NEW YORK (Reuters) - Jury selection began on Monday in the manslaughter trial of three construction supervisors accused in the deaths of two firefighters in a blaze at the former Deutsche Bank building in lower Manhattan.
The fire broke out in 2007 as the building, contaminated by toxins in the September 11, 2001 attacks, was in the process of being dismantled.
Firefighters Robert Beddia, 53, and Joseph P. Graffagnino, 33, were killed by smoke inhalation and carbon monoxide poisoning in a massive nine-floor fire in the building.

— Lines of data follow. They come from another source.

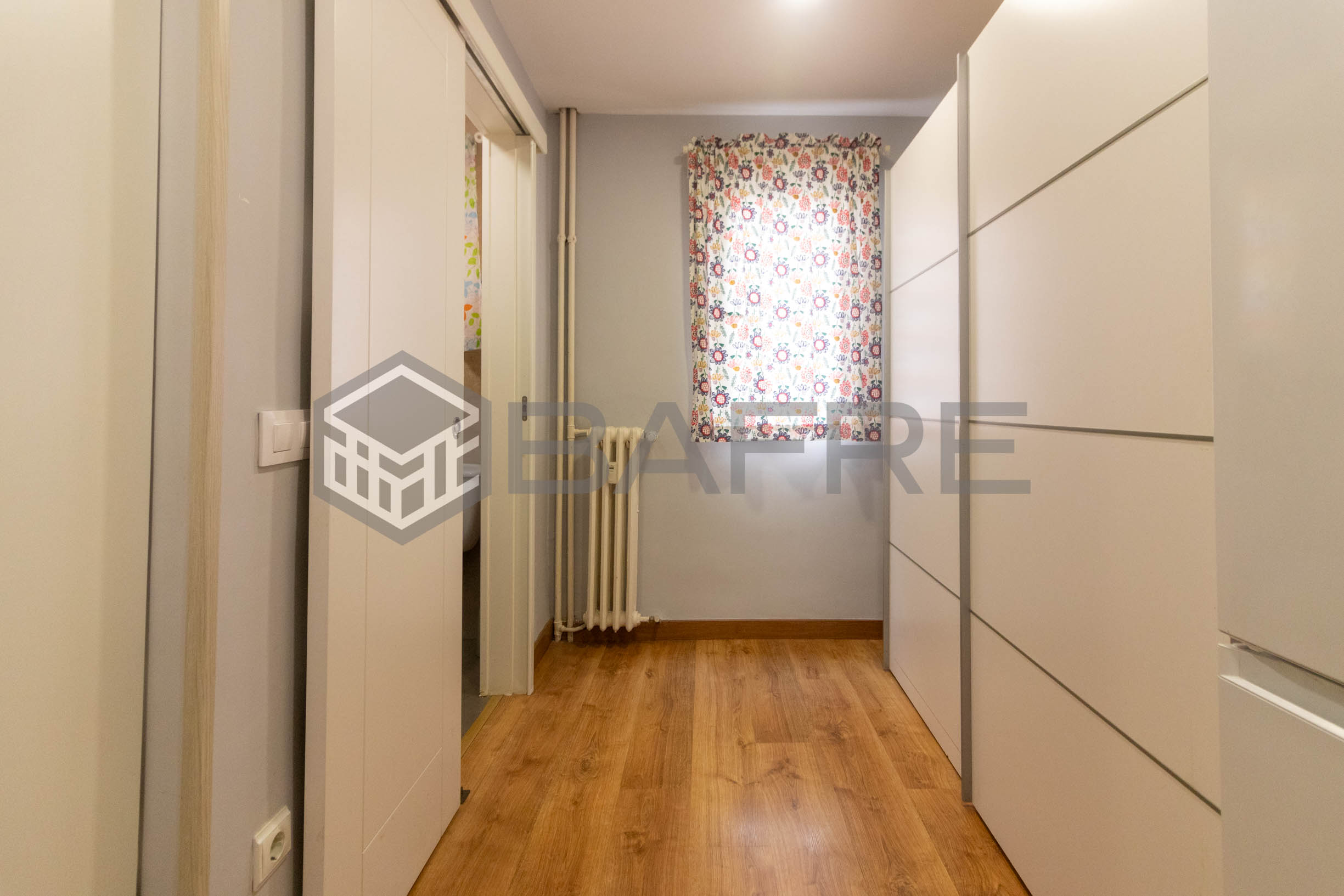 Piso en Calle General Oraá 25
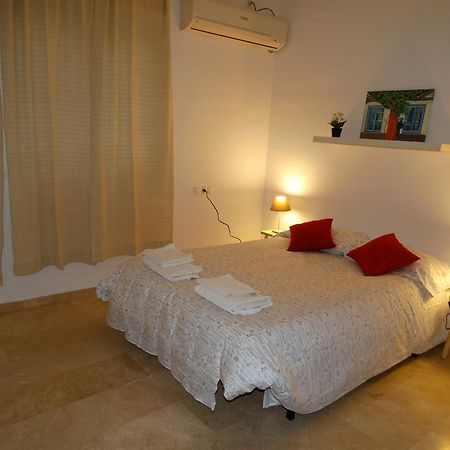 Minimalist Loft Center By Gms Apartamentos Kordoba Bagian luar foto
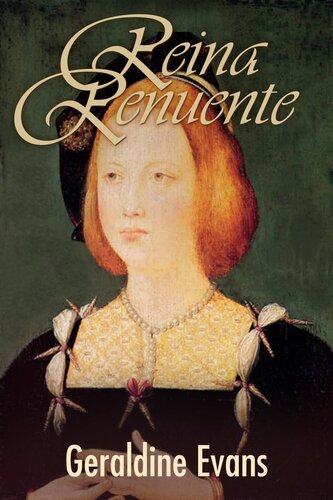 descargar libro Reina Renuente: María Rosa Tudor, la hermana menor del infame rey Enrique VIII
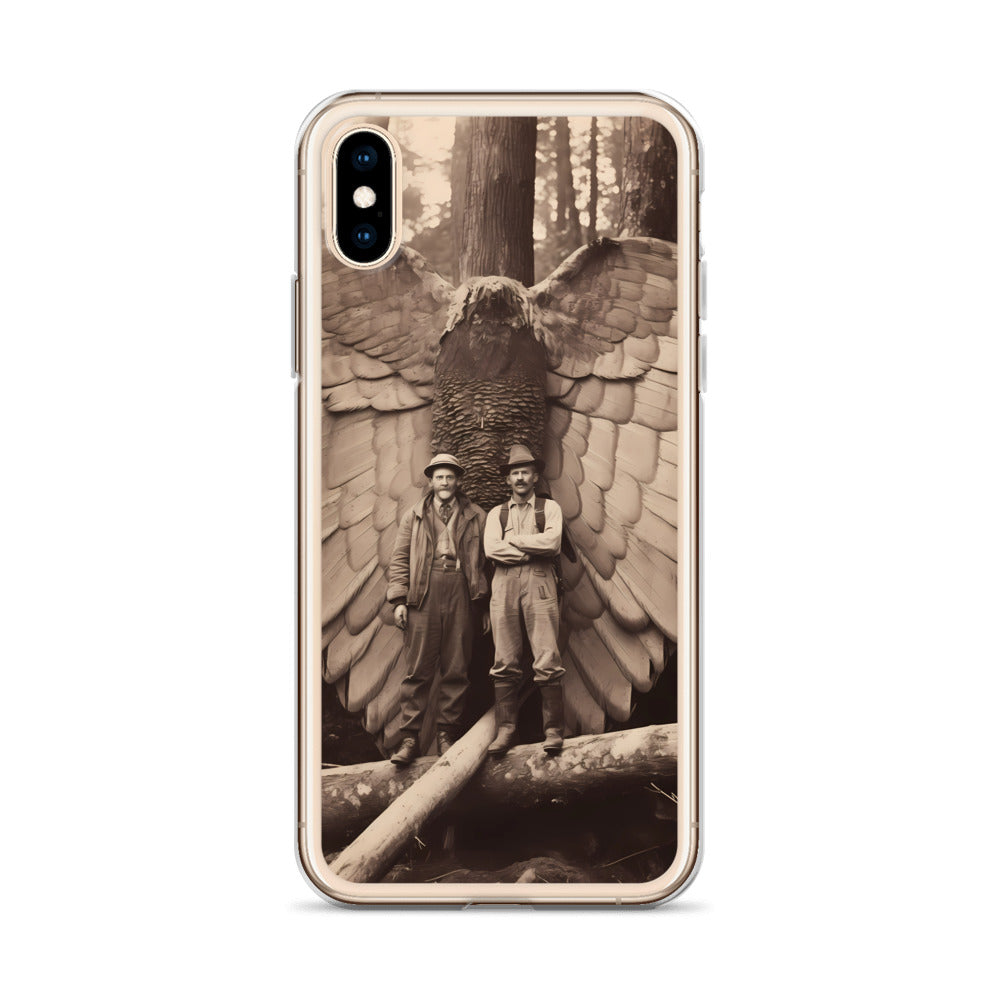 iPhone Case - Pacific Skies
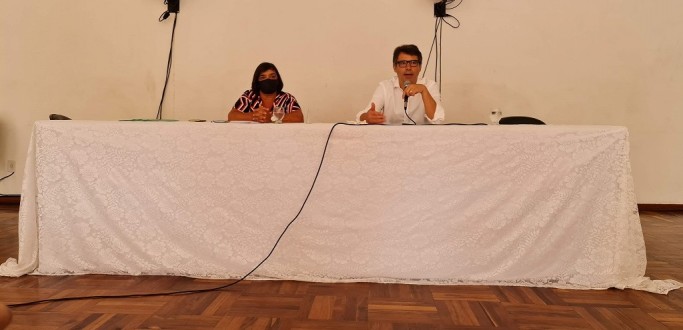 ANO LETIVO MUNICIPAL DE 2020 REINICIAR� NO MODELO REMOTO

Another 115 firefighters were injured in the fire, 46 of whom were forced to take medical leave due to their injuries.
Prosecutors said the construction supervisors knew about but did nothing to fix a break in a water pipe that prevented an emergency supply of water from reaching the building.
They said the construction foreman Mitchell Alvo 58, foreman Salvatore dePaola 56, and site safety manager Jeffrey Melofchik, 49, were careless and negligent. They were charged with manslaughter and criminally negligent homicide.
If convicted of the charges, the three men face up to 15 years in prison.
The defendants have said that they are being made scapegoats, citing a litany of inspection oversights by building inspectors and government agencies including the Fire Department.